Painted

1911

Published

1929

Volume

12

Plate

759a

Audubon Hermit Thrush

Hylocichla guttata auduboni

As you travel thru spire pointed fir forests of the western mountains you know the Thrush as a voice — a bell-like sublimated voice — a tolling Angelus — arresting toil and earthly thot. The first strain arouses emotions which the regularly falling cadences carry to a perfect close. The fine spirituality and serene uplifting quality of the song merge with nature's most exalted moods and it is generally heard in the solemn stillness of sunrise when dark fir forests are tipped with gold, or in the hush of sunset when the western sky is aglow. Out of the forest chantry rises in slow, soul-stirring cadences, high-up, high-up, look-up, look-up!Bailey.

BREEDING

RANGE

Rocky mountain region. Breeds in Canadian and upper Transition zones from British Columbia and Montana south to Nevada, Arizona and New Mexico.

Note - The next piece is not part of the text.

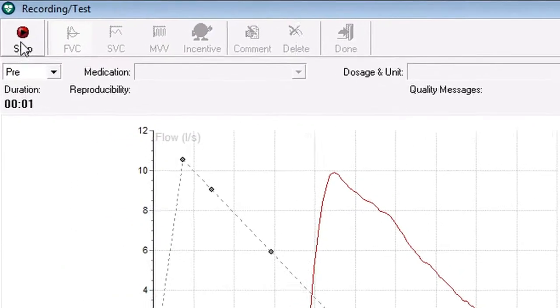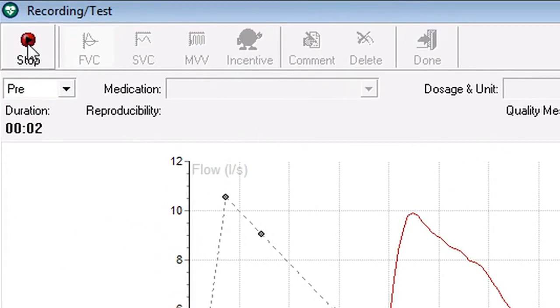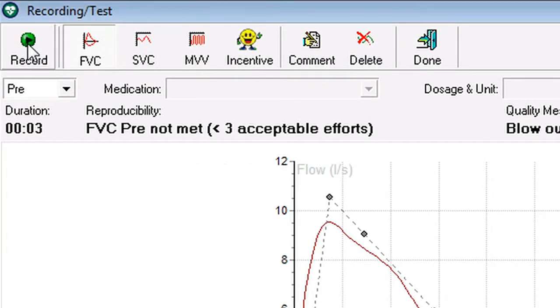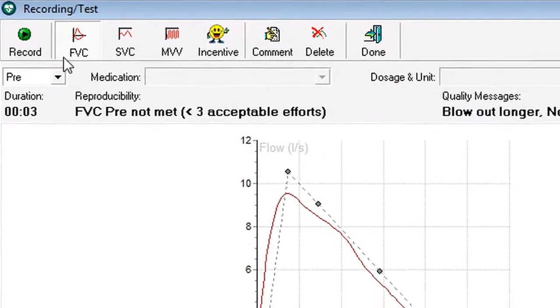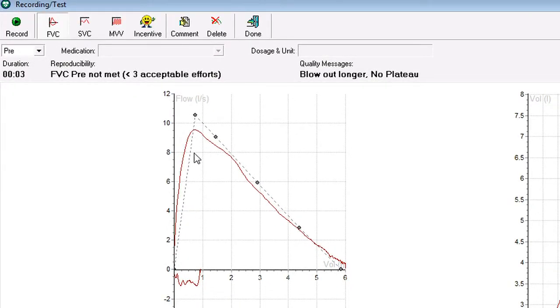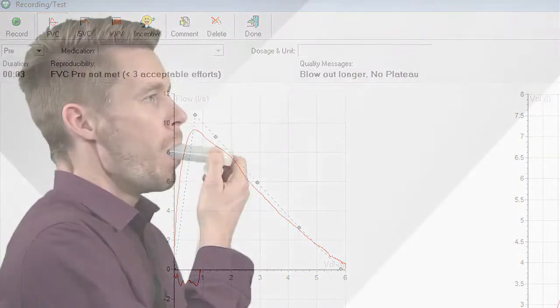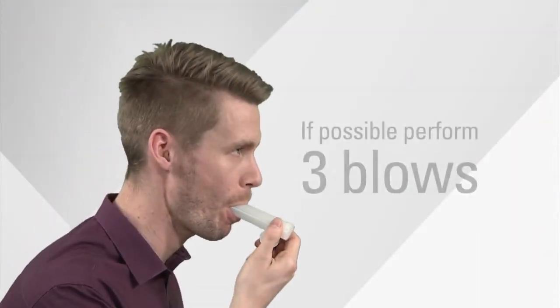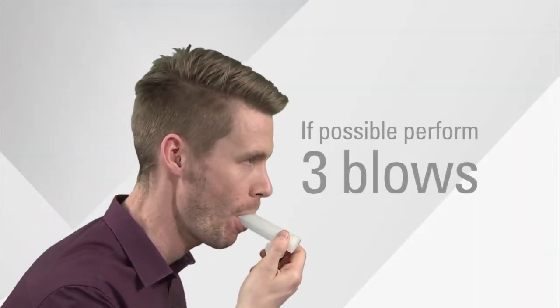When they finish the effort, click on stop and their blow is compared to the predicted norms. Again, you should aim to do three FVC blows.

Winters from western and central Texas, southward over Mexican tableland to Guatemala.

Port Oxford Cedar

Chamaecyparis lawsoniana

A tree, often 200 feet high with 12-foot trunk, scattered in small groves from southwestern Oregon to mouth of Klamath river, California. Commonest north of Rogue river and largest on western slopes of Coast Range foothills, forming a continuous belt twenty miles wide between Point Gregory and mouth of Coquille River.